Nevertheless, Canadians seem less inclined these days to go along with Greenpeace crusades. In an effort to curtail Canada’s lucrative logging business, activists placed a giant sign for Home Depot, the United States-based hardware giant, in a recently logged area, which they claim was ancient forest, north of Vancouver. The group then issued a statement calling Home Depot a “major player in the destruction of the world’s remaining ancient forests.” Such rhetoric no longer seems to appeal to Canadians since donations to the Greenpeace charity had fallen by 15% in 1997, the last year of published financial records. Furthermore, many politicians who initially welcomed environmental sentiments have become inured to the scaremongering and have decided not to oppose the Reform Party’s anti-Greenpeace stand.
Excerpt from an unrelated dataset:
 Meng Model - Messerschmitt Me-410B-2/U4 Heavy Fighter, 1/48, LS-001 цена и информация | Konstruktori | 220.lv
There is plenty of “clear blue water” between Canada and Europe, however. Greenpeace’s European operations are far wealthier and receive the blessing of most of Europe’s left-wing governments. Greenpeace has mounted its most successful campaigns in Europe, where politicians abhor confrontation with pressure groups and try and appease them as much as possible. French attitudes have softened since 1985, when their Secret Service blew up the Greenpeace ship Rainbow Warrior in Auckland Harbour. To be fair, European politicians are not given much support by business, which is becoming increasingly defensive, or the media, which thrives on scare stories.

Such official deference-the assumption that Greenpeace is always on the side of angels-looks increasingly out of touch. The recent Greenpeace campaigns against PVC plasticisers and dioxins in Belgian chickens did a disservice to the public in obscuring the scientific evidence and fomenting the kind of panic that harms the public good and hurts consumers in the long run, since it unnecessarily raises producer costs. It was hard to find a single news story that mentioned the concentration of the alleged contamination-a fundamental scientific point, if the allegations of a threat to human health were to have any validity. In fact, dioxin and other organochlorine compounds may cause cancer when fed to laboratory rats in massive concentrations, but have no observable effect on humans at the actual levels found.

Perhaps we will have to wait for Greenpeace-inspired environmental regulations to cause even greater European unemployment and unrest from before our politicians follow the Canadian government’s example. Environmental multinationals such as Greenpeace should be free to pursue their agenda in democratic society-but it’s time governments stopped giving this particular lobby preferential treatment.